Now that the Vancouver Winter Olympics are in the books, a couple of things have become apparent. Hockey is never as popular as it is in the Olympics. The U.S. vs. Canada gold medal game was the most-watched television event in Canadian history. Roughly 80 percent of Canadians watched at least a part of the game.

The least secure job in Russia may be as a high-level member of the sports federation. President Medvedev is calling on those responsible for Russia’s miserable showing in Vancouver to resign or be helped along. Usually a winter sports juggernaut, Russia accounted for 15 total medals - only three golds - about half of what was anticipated. An unsuccessful coach is no longer likely to end up in Siberia, but will join the ranks of the unemployed. With Russia hosting in 2014, the pressure will ratchet up.

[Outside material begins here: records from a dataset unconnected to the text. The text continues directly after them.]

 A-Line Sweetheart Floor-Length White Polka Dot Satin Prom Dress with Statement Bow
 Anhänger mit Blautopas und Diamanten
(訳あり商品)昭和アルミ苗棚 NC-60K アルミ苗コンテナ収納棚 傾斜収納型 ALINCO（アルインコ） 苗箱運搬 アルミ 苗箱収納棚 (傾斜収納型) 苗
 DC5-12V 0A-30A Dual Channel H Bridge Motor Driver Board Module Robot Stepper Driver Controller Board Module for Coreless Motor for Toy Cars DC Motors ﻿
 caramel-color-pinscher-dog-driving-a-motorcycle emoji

And if you’d like to participate in the Olympic games, consider curling. The U.S. is pitiful on both the men’s and women’s side. But get ready to part with some cash if you think the sport is for you. A set of curling stones goes for around $7,000.

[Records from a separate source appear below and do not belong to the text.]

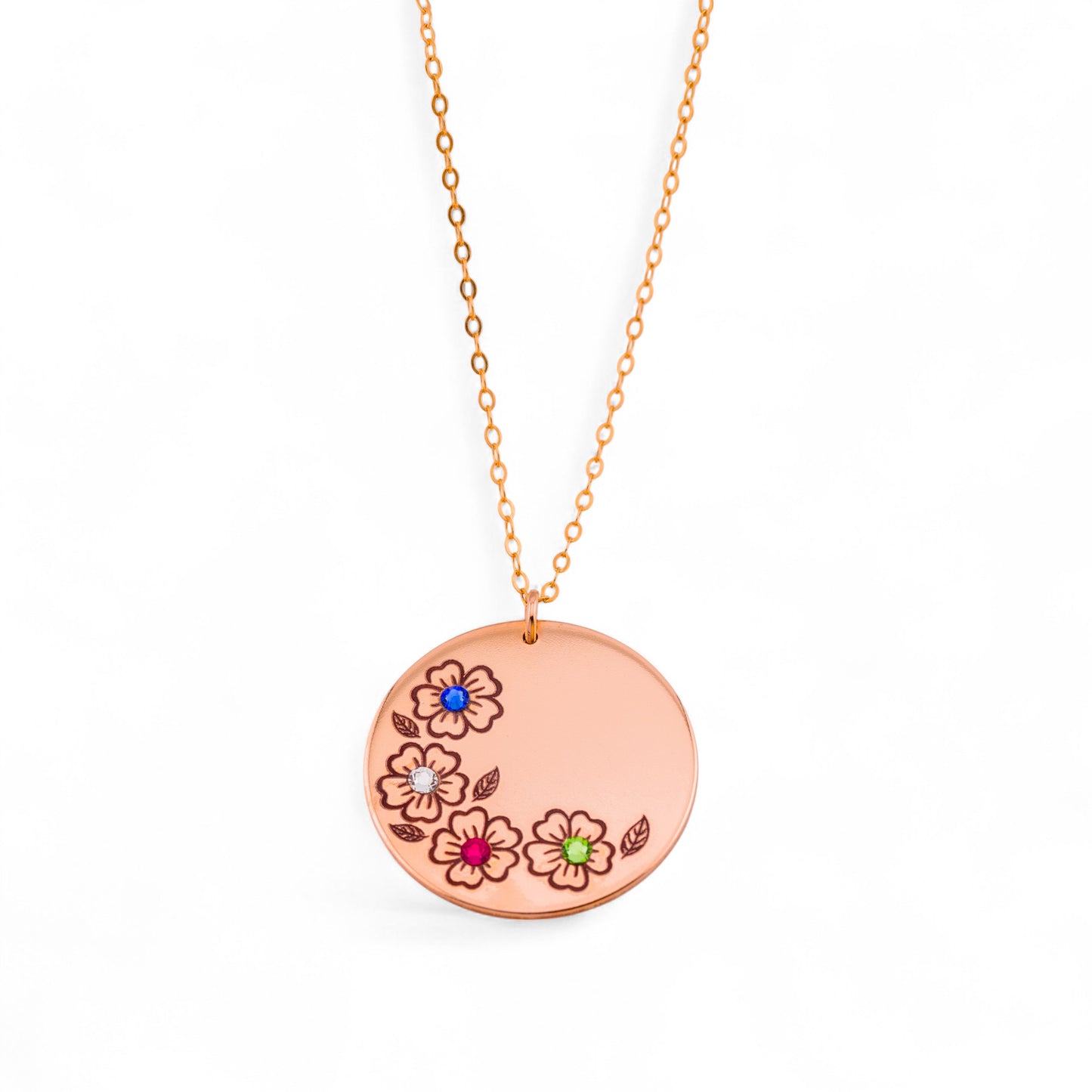 Birth Flower Circle Disc Pendant Necklace, 1-inch Disc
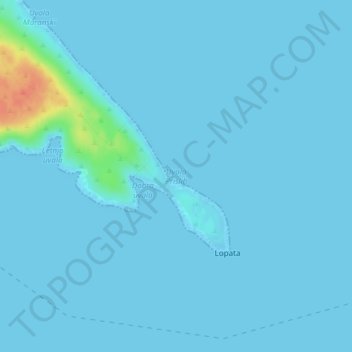 Uvala Prislih topographic map, elevation, terrain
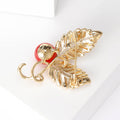 Pearl Leaf Brooch With Faceted Crystals And Polished Metal Details view 3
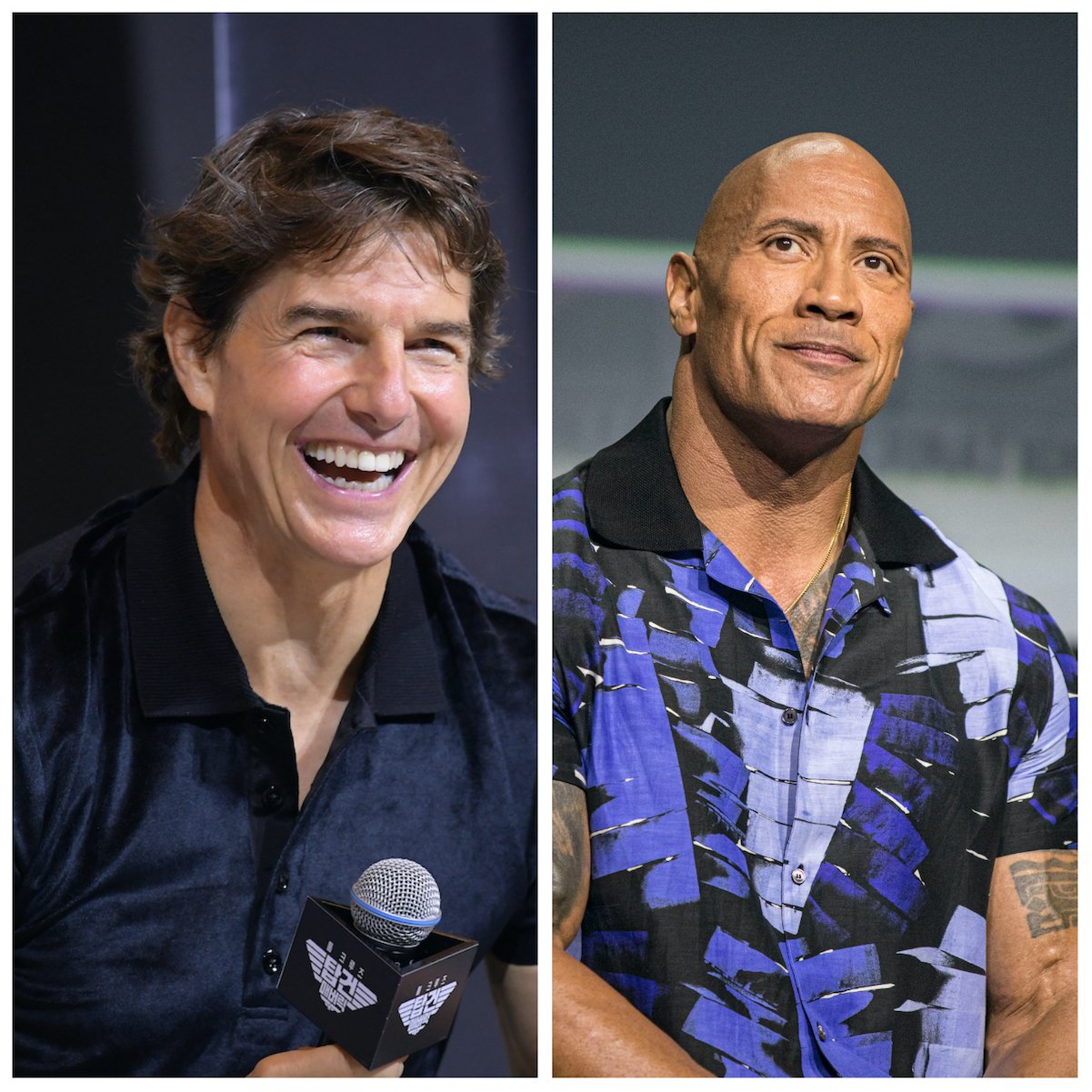 Tom Cruise and Dwayne Johnson, who both have a high net worth, are photographed at different events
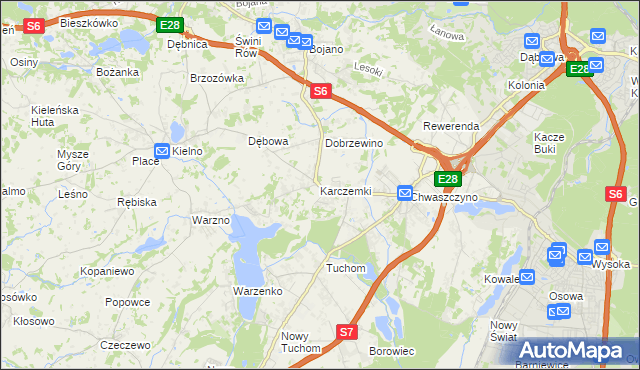 mapa Karczemki gmina Szemud, Karczemki gmina Szemud na mapie Targeo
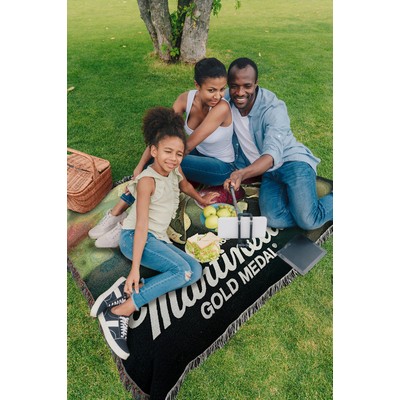 USA Made Jacquard Woven 100% Cotton Tapestry Thrown Blanket 62" x 62" (Square Coverage Size)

Like most Americans I won’t watch another bit of bobsledding, luge, short track speed skating, figure skating or cross country skiing until four years from now - when I’ll thoroughly enjoy it for two weeks.

This spring marks the 10th anniversary of Hawaii Speed and Quickness. The inspiration for HSQ came when a UH football player asked Rich Miano about speed and quickness training on the Mainland. It was pricey, not to mention the additional cost of getting there.

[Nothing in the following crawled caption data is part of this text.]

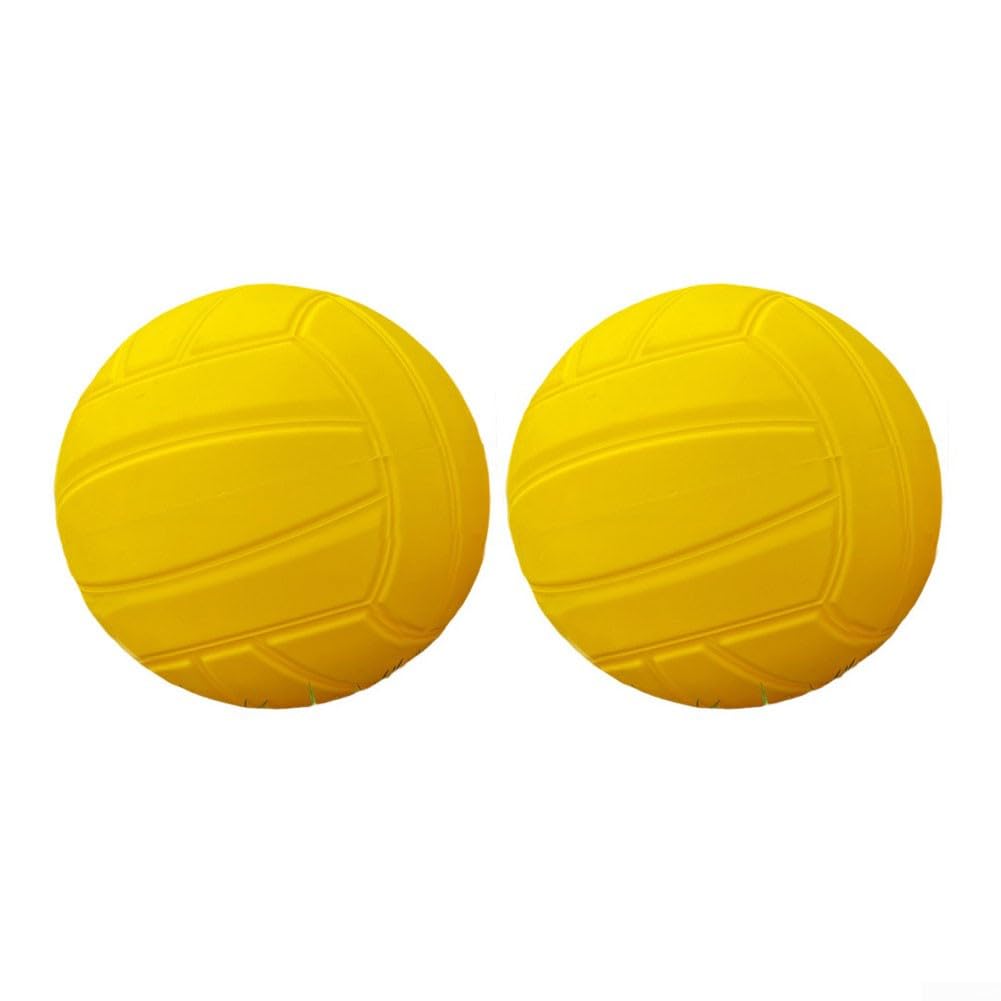 HpLive Lot de 2 balles de rechange en PVC souple avec rebond fort, 9 cm et 12,5 cm, jaunes, pour kit de jeu Roundnet, plage et pelouse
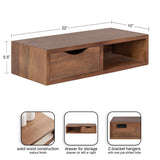 Rectangular walnut-finished solid wood floating side table with one open shelf and a storage drawer featuring a curved pull, dimensions 22"x10"x5.5".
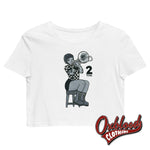 Cargar imagen en el visor de la galería, Organic 2-Tone Ska Girl Trumpeter Crop Top - Turkey White / Xs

“I figured we should do it here,” says Miano. “We had some good coaches, facilities and obtainable equipment.”

So together with Mel DeLaura and Marshall Muramoto, HSQ was launched with two clinics at Saint Louis School. Now there are three divisions: weekend speed and quickness clinics, the after-school Refuse to Use Refuse to Lose clinics and sports camps. The latter two are funded by grants and are totally free. The weekend clinics cost $10, and a large number of the participants are given scholarships.

“We want it to be available to everyone, so we scholarship the kids whose parents are struggling,” says Miano.

A large number of prominent UH athletes have given back by coaching, including Colt Brennan, Davone Bess, Chad Owens, Jake Ingram and Natasha Kai, to name a few. And many of the campers are receiving college scholarships as well.

“This year we had VJ Fehoko and Beau Yap get full rides,” says Miano. “We’re seeing more and more of the kids who grew up with us getting attention in football, soccer and other sports.”


So what’s ahead? “The next step is to make this available to every intermediate school in the state,” says Miano. “We’re already on Oahu, Maui and Kauai, and we’re growing all the time.”

For information, go to Hawaiispeedandquickness.com.

HPU will soon lose two of its most prominent employees to retirement. President Chatt Wright introduced athletics to HPU to help put the school on the map, and basketball coach Tony Sellitto took it to the top by winning a national championship. The school will be hard-pressed to replace them with men of equal talent and vision.